On April 7, 2025, Bashar Masri, a Palestinian-American billionaire and long-time member of Harvard University’s Kennedy School Dean’s Council, quietly resigned. His departure came just hours after a federal lawsuit was filed in Washington, D.C., by nearly 200 American plaintiffs — among them survivors and relatives of those murdered in the October 7 Hamas attack on Israel. They allege that Masri and his companies played a direct role in enabling the terror group’s tunnel and rocket infrastructure in Gaza.

If the West still believes in its own institutions, it must defend them. Not with platitudes, but with policies.

The complaint — detailed and damning — accuses Masri’s firms, PADICO and Massar International, of knowingly facilitating Hamas’s military build-up. According to the suit, facilities developed by Masri — including the Gaza Industrial Estate and two luxury hotels — were used to conceal terror tunnels and rocket launch platforms. These developments, in part funded by Western aid, allegedly served as camouflage for the very operations that culminated in the deadliest massacre of Jews since the Holocaust. Over 1,200 people were killed, including more than 40 U.S. citizens.

Masri, a naturalized U.S. citizen, has long been celebrated as a model of Palestinian entrepreneurship. His flagship initiative, Rawabi — a gleaming master-planned city in the West Bank — earned praise from diplomats and business leaders alike. Former British Prime Minister Tony Blair once hailed it as “the future of Palestine.” Masri was lauded in the West as the kind of Palestinian leader the peace process needed: urbane, ambitious, and committed to economic growth.

What now emerges is a deeply unsettling counter-narrative: that behind the façades of progress and statecraft may have been the concealed infrastructure of war.

Masri denies the allegations. His legal team insists he has spent decades promoting peaceful development and economic uplift, not violence. Yet what is not in dispute is that, until last week, he held an advisory role at one of the world’s most prestigious public policy schools. If even a portion of the plaintiffs’ claims are substantiated, then Harvard — and the broader elite academic ecosystem — must contend with the possibility that they conferred prestige and legitimacy on a man allegedly complicit in building the architecture of terrorism.
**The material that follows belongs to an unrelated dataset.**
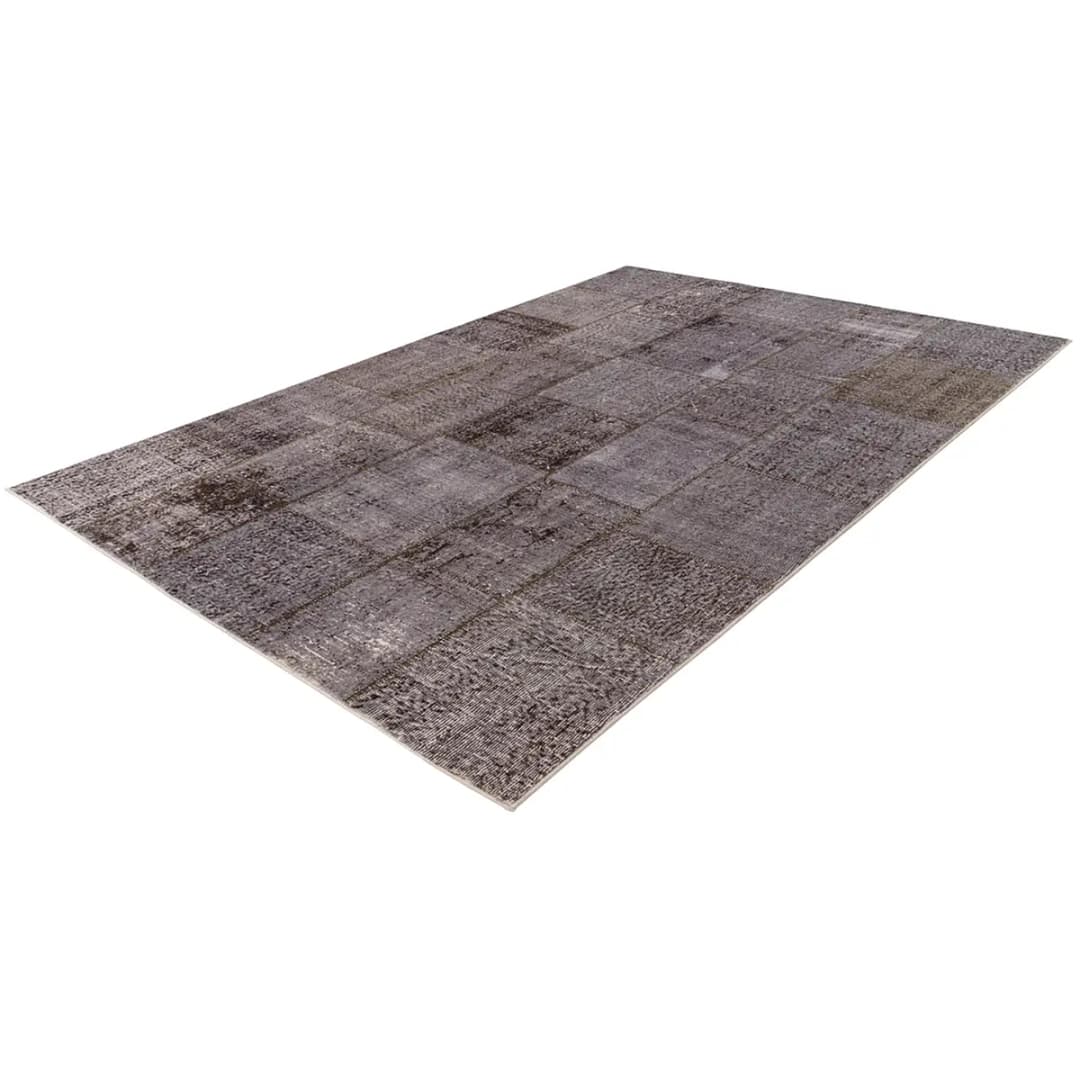Kurzflorteppich Piemont 925 Grau 160 x 230cm | Grau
This is not an isolated scandal. It is the consequence of a culture that has, for years, opened its doors wide to foreign capital while asking few questions about provenance or intent. From 2013 to 2021, more than $13 billion in foreign funds poured into U.S. universities — much of it undocumented, in clear violation of federal disclosure laws.

Qatar alone contributed over $1.1 billion, funneling money to institutions including Georgetown, Cornell, Texas A&M and, yes, Harvard.
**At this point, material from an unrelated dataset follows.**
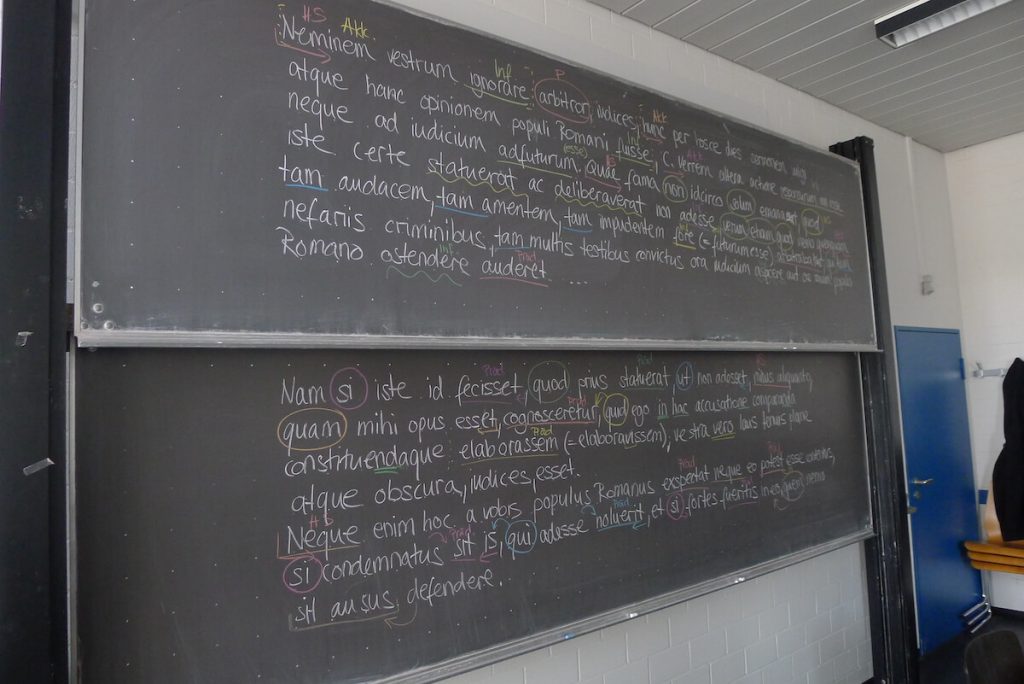 academia linguae latinum in 4 wochen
These were not charitable donations in the classical sense. They were strategic investments — and they have yielded results. Foreign-funded academic centers, cultural institutes, and research initiatives have altered the ideological climate of campuses across the West. Criticism of Islamist extremism is routinely softened, reframed, or buried entirely. Faculty appointments, course content, and even invited speakers are shaped — subtly or not — by the political sensitivities of these donors.

The Middle East Studies program at Georgetown University, for instance, received tens of millions of dollars from Qatar, which also underwrites the Al Jazeera Media Network. Critics have long argued that the program’s outlook often aligns with Qatari foreign policy narratives, including a tendency to obscure or excuse Islamist movements. Similarly, at Northwestern University’s Qatar campus, questions have been raised about academic freedom, editorial neutrality, and the political expectations placed on faculty.

What began as internationalization has, in many cases, become ideological outsourcing.

The Masri case brings this reality into sharp focus. Harvard did not stumble into scandal; it granted an advisory platform to a man whose business operations, if proven complicit, directly undermined the very democratic norms the university claims to defend.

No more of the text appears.